O Sínodo ainda, como eu dizia no início, muitos terão muita dificuldade de entrar nesse processo de conhecer o Sínodo. As comunidades que tiveram contato através de seus catequistas, seus missionários e missionárias, os sacerdotes que atuam nas comunidades indígenas, porque deles depende muito, lá na ponta, entender o que é o Sínodo. Onde teve esse trabalho de comunicação, de repasse sobre os trabalhos do Sínodo, eu vejo e escuto que há uma grande esperança de que a Igreja se comprometa a valorizar os sonhos dos povos indígenas.
Justamente trabalhar diferente no contexto de São Gabriel da Cachoeira, que tem movimento indígena que trabalha com a questão da autodeterminação, o fortalecimento das línguas, das culturas, a revitalização dessas tradições. A Igreja, diocese de São Gabriel, que vai crescendo com outras congregações, muitos indígenas nas universidades, estudando diversos cursos. Tudo isso mostra que a Igreja precisa ser diferente. Eu, como sou daquela região, eu consigo mostrar onde eu estou presente, nesses lugares da cidade, do interior, a importância do Sínodo, a importância que nós temos para o mundo. Mas não basta ter essa consciência da importância, precisa mostrar quais são as nossas contribuições.
Isso que falta ainda fazer, poucas pessoas conseguem levar em frente no dia-a-dia, entrar nesse espírito do Sínodo, falar nas celebrações.

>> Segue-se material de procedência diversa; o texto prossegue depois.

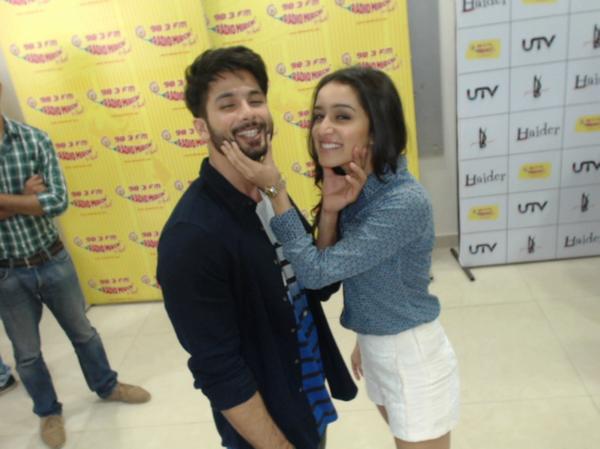 ItsMEJO_'s tweet image. Haha! Super Cute!😘❤"@MirchiSelfie: @shahidkapoor @shraddhakapoor at @mirchi983fm studio #skullattack at radiomirchi http://t.co/Ubh9Gk3Xgp"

Então, isso que precisaria fazer, mas eu vejo que as pessoas de São Gabriel, e lá no interior, Iauarete, Pari Cachoeira, Taracua, onde eu passo, eles vivem perguntando, padre, e o Sínodo, como é que está? Que é que vai tratar? Vai vir coisas boas para nós, coisas melhores na nossa pastoral, na questão dos ministérios? Eles têm uma expectativa muito boa e grande diante do Sínodo. Por isso que de minha parte estou consciente de estar contribuindo com nossos bispos que vão estar no Sínodo, para que a gente procure corresponder a essas expectativas.
Não dá mais para pensar na região do Alto Rio Negro como uma região grande, com muitos avanços, porque tem regiões em nossa Amazônia que não está nesse nível de ter tantas pessoas com formações acadêmicas, com tanta organização indígena, de jovens, mulheres, lideranças, pajés. Nossa região de São Gabriel, ela tem essa vitalidade, esse dinamismo que muitos lugares não tem. Por isso que eu disse para Dom Edson, que é bispo da nossa diocese que tenha força, coragem, de ser voz dos povos indígenas do Rio Negro, vinte três povos. Nós vamos estar fazendo essa ponte durante o Sínodo.

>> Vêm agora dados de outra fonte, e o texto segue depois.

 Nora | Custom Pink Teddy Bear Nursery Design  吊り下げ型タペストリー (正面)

O Instrumentum Laboris diz que a Igreja percorreu um longo caminho, que deve ser aprofundado e atualizado até chegar a ser uma Igreja com rosto indígena e amazônico. O senhor fala que precisa uma Igreja diferente, o que está faltando ainda para que a Igreja assuma esse rosto indígena e amazônico?
Eu repeti várias vezes, nos meus escritos, nas minhas falas, e vou insistindo nessa tecla. Enquanto a Igreja não reconhecer o indígena, os povos indígenas como pessoas capazes de assumir a proposta da Igreja e contribuir com a proposta em cada cultura, vai ser muito difícil. Quando digo que a Igreja deve assumir o rosto indígena, os padres sinodais também dizem que a Igreja deve ir ganhando ou criando rosto indígena, é justamente para dizer que os missionários, as missionárias, bispos, sacerdotes não indígenas, precisam criar novas atitudes de convivência com os povos indígenas, em conjunto com eles criar novas metas pastorais. Isso já se faz na região do Rio Negro, mas falta concretizar mais ainda.
Precisaria sair desse campo ou dessa fase discursiva para a prática. Isso perpassa por várias ações eclesiais, ações pastorais, na catequese, quantas vezes sonhamos fazer uma catequese indígena, trabalhando temas indígenas, temas de espiritualidades indígenas, sobre crenças, cerimonias, rituais. Não só para os sacerdotes, missionários, bispos, falta isso, mas para nós mesmos indígenas, nós chegamos a essa consciência do valor, não só isoladamente, como Igreja, mas também influenciados por essas mudanças históricas do Rio Negro, do movimento indígena, das organizações não governamentais que também vem incentivar o estudo das culturas, a valorização.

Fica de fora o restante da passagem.